### YOUR TASK
Reproduce word for word, from the entries below, the line with "Cherokee War", the line with "Tecno Spark 40 128 GB Gray", and every line between them, and nothing more.

### PROVIDED MATERIAL
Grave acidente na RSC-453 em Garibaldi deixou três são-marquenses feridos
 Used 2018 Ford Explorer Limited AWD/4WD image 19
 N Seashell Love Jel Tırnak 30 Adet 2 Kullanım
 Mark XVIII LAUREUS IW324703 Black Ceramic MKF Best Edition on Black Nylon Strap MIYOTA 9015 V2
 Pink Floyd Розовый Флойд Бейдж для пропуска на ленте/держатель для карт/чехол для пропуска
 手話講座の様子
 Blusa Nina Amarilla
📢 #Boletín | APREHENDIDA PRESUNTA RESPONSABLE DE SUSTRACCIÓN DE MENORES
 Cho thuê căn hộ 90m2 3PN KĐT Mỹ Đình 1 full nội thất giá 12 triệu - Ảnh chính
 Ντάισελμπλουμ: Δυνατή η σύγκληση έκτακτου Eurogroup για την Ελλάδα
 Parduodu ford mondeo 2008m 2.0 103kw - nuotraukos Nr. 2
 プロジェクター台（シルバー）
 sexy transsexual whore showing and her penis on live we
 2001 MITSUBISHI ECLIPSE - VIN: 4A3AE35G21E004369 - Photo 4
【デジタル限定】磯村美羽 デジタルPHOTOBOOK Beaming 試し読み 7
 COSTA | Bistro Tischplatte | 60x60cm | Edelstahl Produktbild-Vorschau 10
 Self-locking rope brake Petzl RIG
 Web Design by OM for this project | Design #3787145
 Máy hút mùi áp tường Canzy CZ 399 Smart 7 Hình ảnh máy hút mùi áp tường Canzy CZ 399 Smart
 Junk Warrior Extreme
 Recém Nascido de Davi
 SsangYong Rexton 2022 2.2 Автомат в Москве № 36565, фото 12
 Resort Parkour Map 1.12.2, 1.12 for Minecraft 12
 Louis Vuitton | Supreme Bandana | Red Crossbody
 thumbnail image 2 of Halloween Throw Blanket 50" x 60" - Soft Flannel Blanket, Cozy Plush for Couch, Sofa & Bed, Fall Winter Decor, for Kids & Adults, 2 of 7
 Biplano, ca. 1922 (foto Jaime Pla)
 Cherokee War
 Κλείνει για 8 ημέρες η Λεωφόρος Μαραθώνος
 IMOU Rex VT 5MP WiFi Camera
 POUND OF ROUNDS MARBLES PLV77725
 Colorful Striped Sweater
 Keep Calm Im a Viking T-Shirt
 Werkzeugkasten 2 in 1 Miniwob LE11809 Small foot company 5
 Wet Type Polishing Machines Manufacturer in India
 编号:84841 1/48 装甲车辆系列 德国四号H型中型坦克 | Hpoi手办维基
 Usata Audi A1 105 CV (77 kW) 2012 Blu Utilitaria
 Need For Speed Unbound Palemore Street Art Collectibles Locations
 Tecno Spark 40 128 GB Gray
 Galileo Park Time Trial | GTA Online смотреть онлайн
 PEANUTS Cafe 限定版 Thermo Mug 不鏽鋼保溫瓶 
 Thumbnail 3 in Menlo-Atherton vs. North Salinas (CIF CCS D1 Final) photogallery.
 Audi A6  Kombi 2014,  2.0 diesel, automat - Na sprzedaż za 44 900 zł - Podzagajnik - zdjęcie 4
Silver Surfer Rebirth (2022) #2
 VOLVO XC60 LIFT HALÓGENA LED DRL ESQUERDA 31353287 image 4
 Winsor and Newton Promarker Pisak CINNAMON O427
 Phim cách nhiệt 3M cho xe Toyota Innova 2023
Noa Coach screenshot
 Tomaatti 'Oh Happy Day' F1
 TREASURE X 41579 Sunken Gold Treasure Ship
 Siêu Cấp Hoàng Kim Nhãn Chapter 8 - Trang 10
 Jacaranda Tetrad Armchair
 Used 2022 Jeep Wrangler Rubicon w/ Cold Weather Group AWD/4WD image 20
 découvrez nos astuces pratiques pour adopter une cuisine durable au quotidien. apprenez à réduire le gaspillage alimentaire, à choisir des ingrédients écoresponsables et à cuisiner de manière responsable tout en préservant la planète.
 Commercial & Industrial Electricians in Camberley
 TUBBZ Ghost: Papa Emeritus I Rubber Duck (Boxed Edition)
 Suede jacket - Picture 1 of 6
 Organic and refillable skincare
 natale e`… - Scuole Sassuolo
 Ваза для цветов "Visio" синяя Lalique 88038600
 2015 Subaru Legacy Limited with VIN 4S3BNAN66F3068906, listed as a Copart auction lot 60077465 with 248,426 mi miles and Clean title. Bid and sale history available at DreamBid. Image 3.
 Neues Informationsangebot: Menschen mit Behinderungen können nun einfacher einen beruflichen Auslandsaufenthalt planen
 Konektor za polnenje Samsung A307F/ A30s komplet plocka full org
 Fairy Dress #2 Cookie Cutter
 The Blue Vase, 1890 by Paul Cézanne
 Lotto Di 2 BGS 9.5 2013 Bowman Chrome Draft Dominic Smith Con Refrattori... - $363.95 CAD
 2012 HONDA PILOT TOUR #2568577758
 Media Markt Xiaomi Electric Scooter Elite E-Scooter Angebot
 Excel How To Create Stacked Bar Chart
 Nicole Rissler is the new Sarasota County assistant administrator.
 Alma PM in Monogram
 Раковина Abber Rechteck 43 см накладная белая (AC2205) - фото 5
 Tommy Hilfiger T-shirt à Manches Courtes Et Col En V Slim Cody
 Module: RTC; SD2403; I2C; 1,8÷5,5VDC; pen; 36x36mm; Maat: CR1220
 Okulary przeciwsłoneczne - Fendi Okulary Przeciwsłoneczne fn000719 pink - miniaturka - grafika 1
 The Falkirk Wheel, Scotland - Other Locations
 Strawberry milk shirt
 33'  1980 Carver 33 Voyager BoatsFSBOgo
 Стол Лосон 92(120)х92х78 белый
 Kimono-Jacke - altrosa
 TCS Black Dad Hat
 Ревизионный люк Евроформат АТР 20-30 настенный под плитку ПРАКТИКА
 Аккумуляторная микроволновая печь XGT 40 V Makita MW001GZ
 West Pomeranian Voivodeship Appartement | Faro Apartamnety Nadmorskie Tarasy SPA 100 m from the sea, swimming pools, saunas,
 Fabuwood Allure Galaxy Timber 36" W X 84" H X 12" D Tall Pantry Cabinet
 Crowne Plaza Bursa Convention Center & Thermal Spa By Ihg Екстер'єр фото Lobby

### WRITTEN ANSWER
 Cherokee War
 Κλείνει για 8 ημέρες η Λεωφόρος Μαραθώνος
 IMOU Rex VT 5MP WiFi Camera
 POUND OF ROUNDS MARBLES PLV77725
 Colorful Striped Sweater
 Keep Calm Im a Viking T-Shirt
 Werkzeugkasten 2 in 1 Miniwob LE11809 Small foot company 5
 Wet Type Polishing Machines Manufacturer in India
 编号:84841 1/48 装甲车辆系列 德国四号H型中型坦克 | Hpoi手办维基
 Usata Audi A1 105 CV (77 kW) 2012 Blu Utilitaria
 Need For Speed Unbound Palemore Street Art Collectibles Locations
 Tecno Spark 40 128 GB Gray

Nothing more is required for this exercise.